I pull down each closed door and stack them one upon the other on the floor.  Each one raises me higher and takes me a bit further– planks for me to walk, out over uncharted seas in an an ever growing arc of my history, of who I was leading to who I could be.  But eventually it’s no longer one more step’  over the restless black abyss, until we plummet to our death… no it was that last moment until our long lonely walks– intersect.  And our feet are steady, and the wood holds fast.  A bridge.  Abridged. We meet– at last.

Bump it with:

The Old Man and the Machine

This is her third time walking down the frozen foods aisle.  Could it be she’s not looking at peas, she’s looking at me?  She glances across the five feet between us and smiles, brushing the hair from her face.  And it’s no coincidence that her eyes are locked with my eyes and she’s not looking away.  And brain no make mouth talk good.  Durrr.

And then she’s gone.

So from now on I’m going to live as if’ my body was on temporary loan.  In actuality I am one hundred years old.  Broken in a darkened room, as the storm rages outside.  Decrepit and decayed, clinging to life through respirators and tubes coursing into my veins.  And through magic or science I’ve sent back in time to inhabit my younger body for the last few hours I have left.  I’m not going to rob any banks or stick my dick in any electrical sockets, because hey that’ll catch up to god ole’ old me eventually.  But I’m going to live life this body is stolen by an older wiser me with no time for regrets.  And I’m going to be brave, and fearless.

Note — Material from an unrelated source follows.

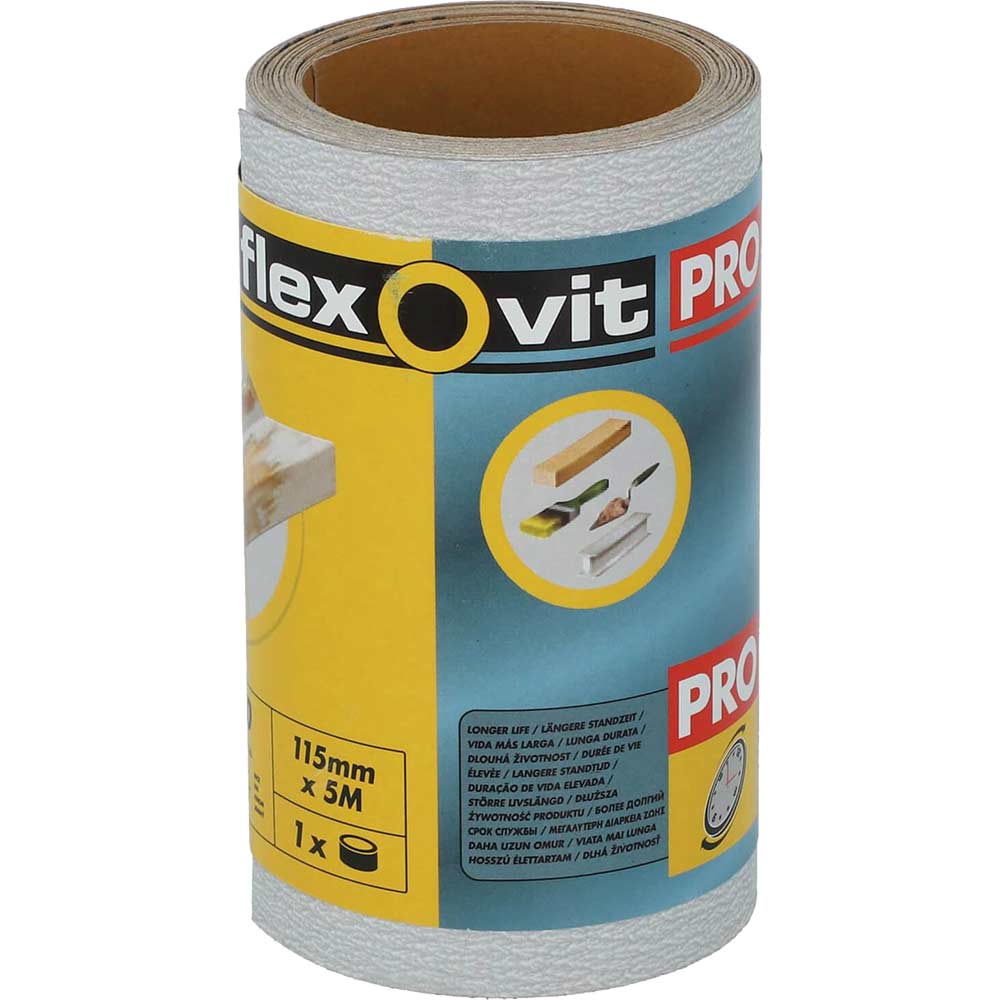 Image of Flexovit High Performance Finishing Sanding Roll 115mm 5m 320g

And I’m going to eat ice cream.

So the next time a pretty girl is looking at me.  Brain will make mouth talk good.

And I’ll say, “Hello”

Bump it with:

Matchstick Girls

I’ve traipsed my way
through someone’s love again.
Completely thoughtless
to the consequences
and it’s only fitting that the axe
falls heavy on my head.

Because I’m to blame
for burning through good girls
like matches I can’t’ light

All He wanted
was the ring in his pocket
to glitter round her finger
and Her, his home and hearth
for the rest of their days.

And I the dower downpour,
snuffed her like
so many brief indulgences.
Now she’s his soggy tinder,
and I can’t even remember
what it was like to feel her
aglow in my cheeks
and the chill is setting in.

So I’ll stomp my feet and
cup my empty hands
in the shivering cold
on the outside looking in.
And I know.  

I’ll be the kindling in someone else’s pyre soon enough.

Bump it with:

The Porcupine and the Pine Cone

I loved you the way
the Porcupine loves the Pine Cone.
kindred hearts
sharing shape and form,
pressed together for warmth
through the night’s chill.

But between my spines and your spurs’
one of us was bound to get hurt.

So I kept my distance,
closer though you inched
in the growing days.
We wore a groove
in the ground as our tiny legs
made plans upon the looming hills.

But in my heart,
I knew we could never reach them…
and I know we never will.

I miss you,
the way the Porcupine misses the Pine Cone.
I’d carry you with me if I could.
But being born of barbs and bristles,
it’s hard to shoulder anyone’s baggage but my own.

Soon you’ll be taking roots
and kissing thistles to the wind.
So you take the high road,
and I’ll take the one less traveled,
and we’ll see if it makes any difference
where we come out at the end.

Bump it with:

Robert Frosting all over the top of this cupcake.